De tiran verneemt een paar weken na de inname van Prome, dat hij laat versterken, dat de vloot uit Ava met duizenden soldaten aan boord bij de vesting Meleytay, 18 mijl stroomopwaarts aan de Irrawaddy gelegen, is aangekomen. Het enorme Birmese leger trekt langs de rivier op naar de vesting, terwijl de tiran met een paar duizend man de rivier afzakt. De Mon, Chaleu en andere bergvolken uit Ava steken de vloot waarmee zij zijn gekomen in brand, om te tonen dat zij de strijd met de Birmezen durven aan te gaan. Zij vechten zich letterlijk dood tegen de enorme overmacht en doden daarbij zeer veel vijanden. De laatst overgebleven 800 Mon trekken zich terug in de vesting. Tabin Shwêtî, die na de slag arriveert, is met stomheid geslagen als hij de enorme slachting ziet die onder zijn troepen is aangericht. Hij belegert de 800 Mon in de vesting, omdat hij hen levend in handen wil krijgen. Deze plegen ’s nachts een desperate overval op het kamp van de Birmezen. Zij doden duizenden vijanden en vechten tot de laatste man. Als de tiran de verrader van Prome in de vesting aantreft, laat hij hem direct doden, want wie zijn eigen koning verraden heeft, is ook in staat zijn nieuwe meester te verraden.

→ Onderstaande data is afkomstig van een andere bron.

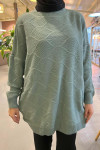 Self Patterned Knitwear Sweater Green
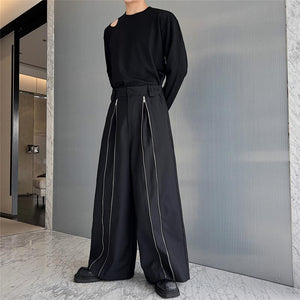 Zip Trim Loose Wide-Leg Lounge Pants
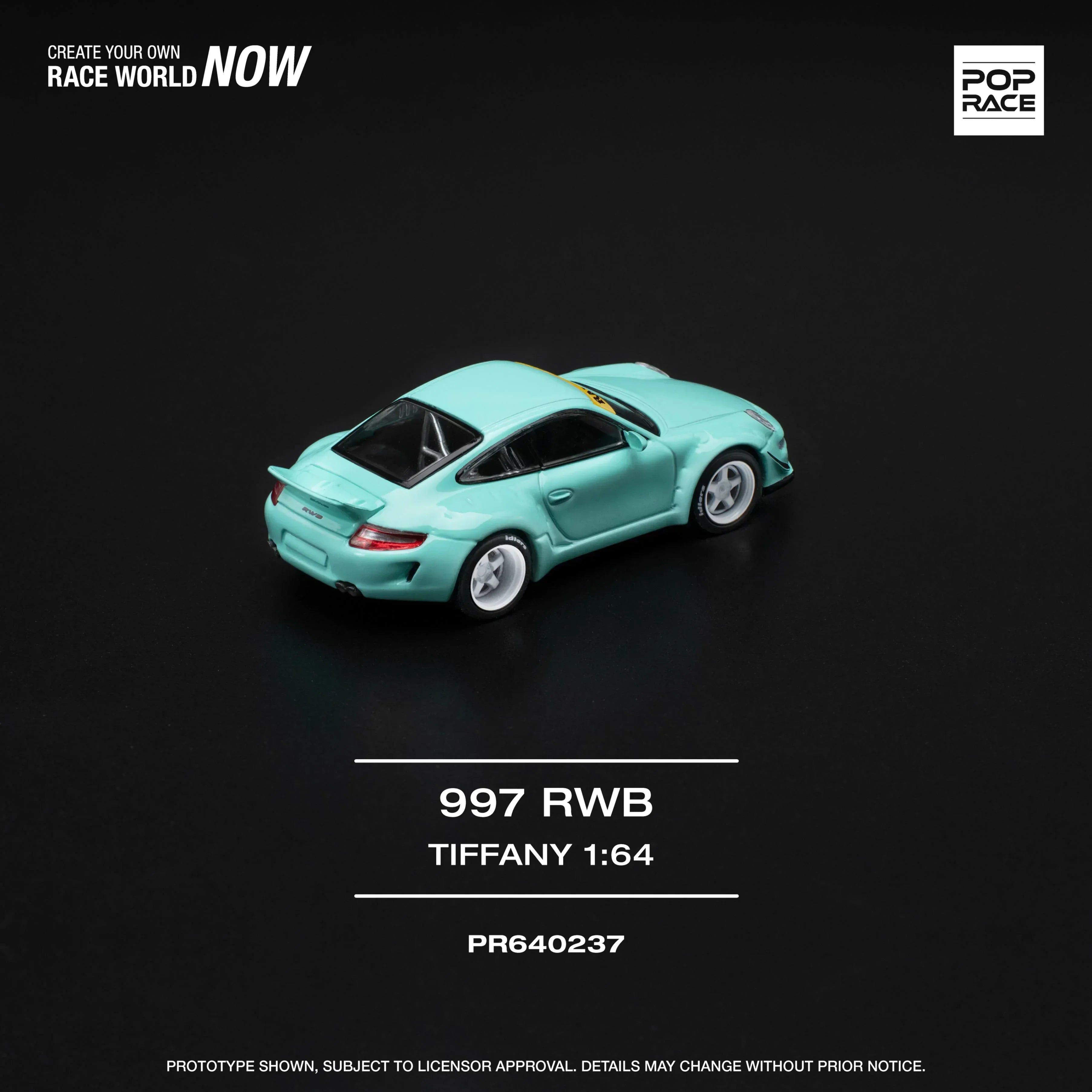 Premium scale diecast model car – 997 RWB Tiffany, 1:64 Scale (Blue) Collectible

Tabin Shwêtî vaart met een deel van zijn leger de Irrawaddy op naar de grote stad Ava, gelegen op circa 22º N.B. in het gelijknamige koninkrijk. Bij het vernietigen van schepen in de haven van Ava en het platbranden van enige nabij de stad gelegen dorpen, betaalt de koning van Birma zo’n hoge prijs dat hij vreest te zullen worden verslagen als hij de stad aanvalt. Hij ziet dus voorlopig af van een aanval op Ava. Omdat Tabin Shwêtî de meeste vorsten in het zuiden van Birma tot zijn vazallen heeft gemaakt, beheerst hij het zuiden van het land tot aan Tavoy aan de grens met Siam. Pinto weet nog te melden dat de 1.000 Portugese huurlingen over wie de koning van Birma op zeker moment beschikt, onder leiding staan van António Ferreira, uit Bragança, een zeer moedig man aan wie de koning een hoog jaargeld geeft en die vele persoonlijke giften ontvangt.

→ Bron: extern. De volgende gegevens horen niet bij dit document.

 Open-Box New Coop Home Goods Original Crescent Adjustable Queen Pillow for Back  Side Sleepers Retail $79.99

Ofschoon Tabin Shwêtî’s veldtochten in het zuiden van Birma met buitensporige wreedheden gepaard zijn gegaan, aanvaardt hij vele gebruiken van de daar levende Mon. Hij neemt Mon-soldaten in zijn leger op. In 1546 maakt hij de oude stad Pegu tot zijn schitterende hoofdstad. Ofschoon Tabin Shwêtî het zuiden van Birma vooral beschouwt als een springplank voor een invasie in Siam, geldt zijn eerste veldtocht buiten Birma het koninkrijk Arakan. Hij tracht een hem onderdanige plaatselijke prins op de troon te zetten, maar moet het beleg van de hoofdstad Mrohaung afbreken, als Siam de grensstad Tavoy aanvalt. Deze aanval noodzaakt Tabin Shwêtî terug te keren naar Birma.

1 De logge naus do trato zijn dikwijls te zwaar beladen en onderbemand. Hierdoor komen zij bij slecht weer al snel in moeilijkheden. Bovendien zijn Portugese kapiteins in die tijd weinig geneigd in konvooi te varen en daarmee medeverantwoorde-lijkheid te nemen voor andere vaartuigen dan het eigen schip.

4.1 Koning Phrachai van Siam.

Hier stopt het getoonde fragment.